Thanks for any info you can give me.


----------



## gstepic (Oct 31, 2007)

*We are leaving for Big Island Saturday*

I just about live on this forum except when freebies are being offered, then I seem to be away from it just a little too long! 

Gary


----------



## marsha77 (Oct 31, 2007)

Gary,

You can get this from http://www.restaurant.com for 70 percent off - today is the last day.  So a 25.00 certificate would cost you $3.00.  TREATS is the code to enter at checkout.

Marsha



gstepic said:


> I just about live on this forum except when freebies are being offered, then I seem to be away from it just a little too long!
> 
> Gary


----------



## Luanne (Oct 31, 2007)

Isn't Luke's in Hawi?  If I were going there, I'd eat at the Bamboo.


----------



## marsha77 (Oct 31, 2007)

Luanne,

Yes Luke's Place is on the Big Island - 

But - Bamboo's doesn't have a gift certificate! 

Marsha




Luanne said:


> Isn't Luke's in Hawi?  If I were going there, I'd eat at the Bamboo.


----------



## Luanne (Oct 31, 2007)

marsha77 said:


> Luanne,
> 
> Yes Luke's Place is on the Big Island -
> 
> ...



Doesn't matter.  It's still worth it.


----------



## gstepic (Oct 31, 2007)

*Thanks*

I know we are planning on driving through the area so I will check with my wife this evening.
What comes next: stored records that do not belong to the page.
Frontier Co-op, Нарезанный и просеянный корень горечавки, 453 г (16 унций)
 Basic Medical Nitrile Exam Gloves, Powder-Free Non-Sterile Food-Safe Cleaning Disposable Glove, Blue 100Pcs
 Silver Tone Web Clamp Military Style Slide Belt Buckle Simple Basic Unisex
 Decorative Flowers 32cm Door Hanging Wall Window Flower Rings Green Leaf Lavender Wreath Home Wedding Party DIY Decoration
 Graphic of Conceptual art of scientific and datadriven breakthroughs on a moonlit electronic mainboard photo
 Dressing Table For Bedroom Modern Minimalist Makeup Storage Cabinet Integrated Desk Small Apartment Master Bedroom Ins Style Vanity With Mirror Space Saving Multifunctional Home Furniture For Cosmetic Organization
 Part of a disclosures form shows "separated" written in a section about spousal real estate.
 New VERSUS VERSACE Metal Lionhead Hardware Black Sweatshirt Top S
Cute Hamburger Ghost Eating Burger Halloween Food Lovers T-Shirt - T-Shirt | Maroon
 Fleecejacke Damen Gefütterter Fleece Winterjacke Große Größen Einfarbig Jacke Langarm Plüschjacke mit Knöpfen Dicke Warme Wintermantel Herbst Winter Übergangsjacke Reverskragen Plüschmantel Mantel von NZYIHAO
It's hard to believe that our trip time is almost here, we leave Saturday morning. We made plans over 10 months ago, booking flights and rooms, and our vacation at that time seemed like an eternity away.

Gary


----------



## ati2d (Nov 1, 2007)

ati2d said:


> This is so _weird!_ I have a $25 restaurant.com certificate that I can redeem for the Big Island & Luke's is the only restaurant listed and I was just looking at the website for Luke's. It looks pretty good. Was there a reason you didn't eat there? Has anyone else eaten there? What did you think? Would it be worth it to redeem it there? Or should I pass & use it some other time?
> Thanks for any info you can give me.


So, anyway...........is the restaurant any good, or not? Would it be worth getting a certificate for?


----------



## gstepic (Nov 1, 2007)

*I did not see it listed in the Revealed book*

The book is not our ultimate authority on what we will do in the Islands but I was curious that Lukes was not mentioned at all in the book. There probably are a ton of eating places not listed so probably not too much should be made of the fact that it is not in the book.

Gary


----------



## marsha77 (Nov 1, 2007)

I have not eaten there - but we will when we go to the Big Island in Dec/Jan.  I did a search - and Yvonne wrote this about Luke's - see below.
Marsha

Dining At Luke's 

--------------------------------------------------------------------------------

We had a late lunch/early dinner there yesterday, using the Restaurant.com dining certificate. It was very good. I'll be writing up a full review in my IgoUgo journal but for now, I thought I'd let my friends here know how it went.

We arrived a little after 4:00pm, too early for dinner so it was lunch menu options for us. That actually worked out well. We started with calamari ($10) which was outstanding! DH had a french dip ($10) and I had the 6oz angus burger ($9). David said his sandwich was outstanding. While my burger was also very good, there were some seasonings that didn't quite agree with me. I had heartburn well into the night. But I must again say, the taste was delicious! Both sandwiches were served with your choice of fries or one of several other options.

We ended dinner splitting a wonderful piece of homemade banana cream pie ($6) that was heavenly. We both had iced tea to drink which was a mango flavored tea. Also very good.

The total meal came to $39 less the $25 dining certificate. With tip, we spent a total of just $24 for our meal.

About the restaurant itself . . . they have been open just three or four months. They are located less than a block from the Hwy 270/Hwy 250 intersection on Hwy 250. It is very airey with all of the windows opened with a wonderful cross breeze. We asked to be seated in the front by the window with the view of a huge banyon tree across the street.

They only serve dinner until 9pm. After that, they have live music in the Tiki Lounge (blues were on the schedule last night) . . . during which they do serve pizza and pupus.

We would recommend this nice find off the beaten path and may go there again during this trip!

p.s. When I do my IgoUgo journal review, there will be photos attached so you can see what we ate 
__________________
Yvonne
TimeshareVon's Homepage





ati2d said:


> So, anyway...........is the restaurant any good, or not? Would it be worth getting a certificate for?


----------



## gstepic (Nov 1, 2007)

*Thanks for the review*

The review was helpful and reminded me to make certain we don't forget to take our supply of "Tums" (I swear in my older years even water gives me indigestion!). 

Gary


----------